Among the lines below, take the one holding "2 BHK Apartment", the one holding "Oppo Find X9", and all lines between them. Set them down exactly.

▶ Input data
● ● ●

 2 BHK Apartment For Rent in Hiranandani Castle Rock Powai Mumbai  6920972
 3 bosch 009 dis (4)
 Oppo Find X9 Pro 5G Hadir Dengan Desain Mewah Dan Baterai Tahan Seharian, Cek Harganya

● ● ●

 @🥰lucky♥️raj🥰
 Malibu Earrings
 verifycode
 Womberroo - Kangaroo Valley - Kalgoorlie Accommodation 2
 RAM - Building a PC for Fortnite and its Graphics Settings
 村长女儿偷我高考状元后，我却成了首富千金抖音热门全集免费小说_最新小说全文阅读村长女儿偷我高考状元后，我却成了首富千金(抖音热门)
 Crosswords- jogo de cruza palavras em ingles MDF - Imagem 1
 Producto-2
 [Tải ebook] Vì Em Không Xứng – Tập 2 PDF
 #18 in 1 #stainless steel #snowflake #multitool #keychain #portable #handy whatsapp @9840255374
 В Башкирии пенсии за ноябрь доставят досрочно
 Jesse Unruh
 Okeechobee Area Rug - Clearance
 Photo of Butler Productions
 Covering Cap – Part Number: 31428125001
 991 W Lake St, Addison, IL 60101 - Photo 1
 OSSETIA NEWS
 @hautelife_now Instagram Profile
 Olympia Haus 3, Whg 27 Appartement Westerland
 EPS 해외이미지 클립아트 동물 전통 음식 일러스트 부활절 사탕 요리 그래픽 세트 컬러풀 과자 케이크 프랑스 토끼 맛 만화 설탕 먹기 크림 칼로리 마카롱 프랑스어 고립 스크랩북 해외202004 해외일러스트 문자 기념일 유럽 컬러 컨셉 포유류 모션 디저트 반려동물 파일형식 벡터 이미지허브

● ● ●

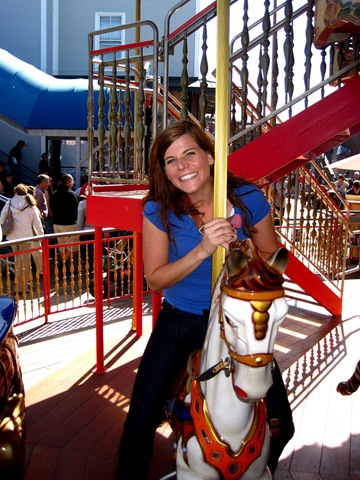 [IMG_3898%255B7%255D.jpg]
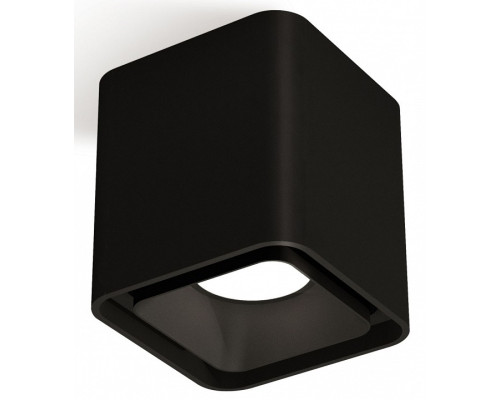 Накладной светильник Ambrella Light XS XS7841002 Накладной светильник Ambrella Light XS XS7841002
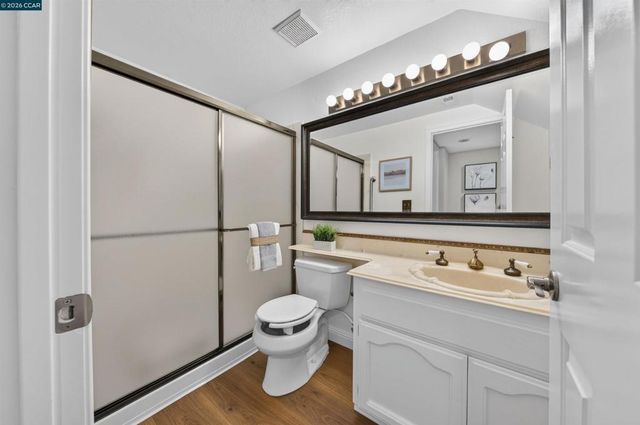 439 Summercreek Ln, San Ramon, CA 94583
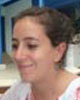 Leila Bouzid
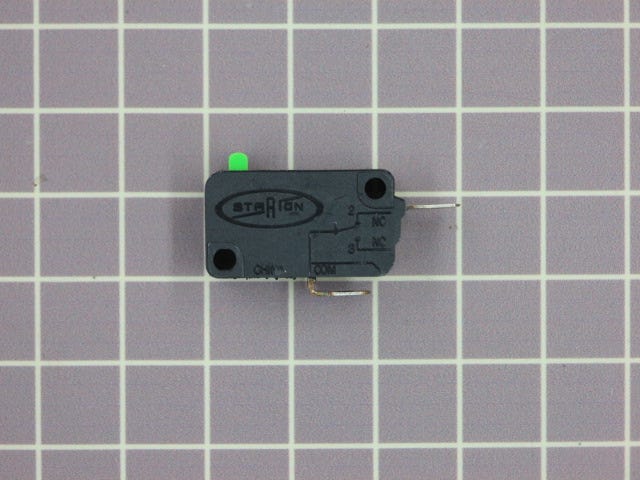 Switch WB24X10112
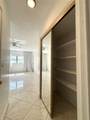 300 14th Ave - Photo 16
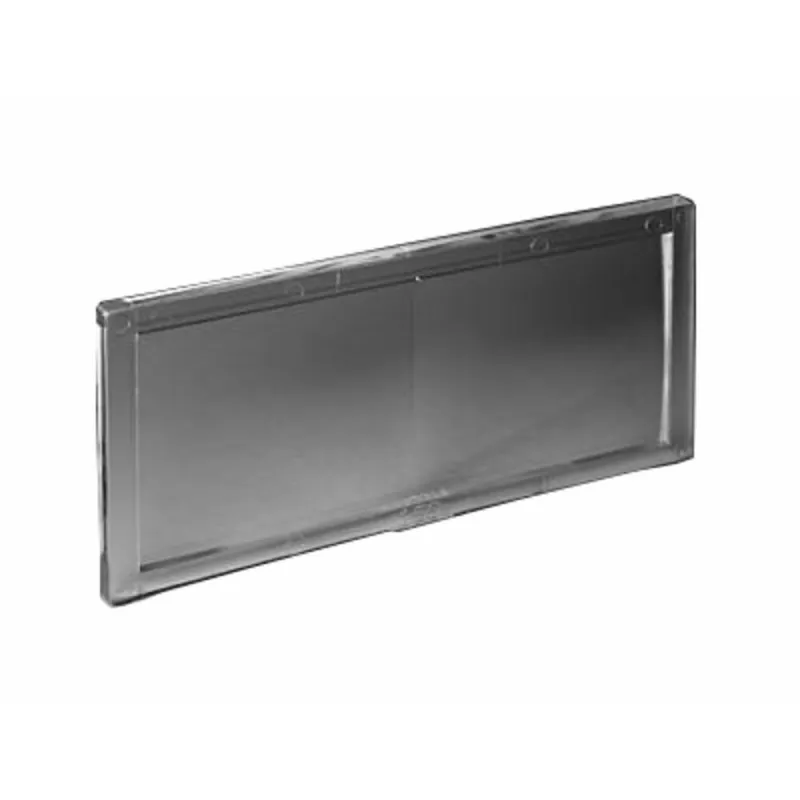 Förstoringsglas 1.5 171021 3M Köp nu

● ● ●

▶ Final answer
 2 BHK Apartment For Rent in Hiranandani Castle Rock Powai Mumbai  6920972
 3 bosch 009 dis (4)
 Oppo Find X9 Pro 5G Hadir Dengan Desain Mewah Dan Baterai Tahan Seharian, Cek Harganya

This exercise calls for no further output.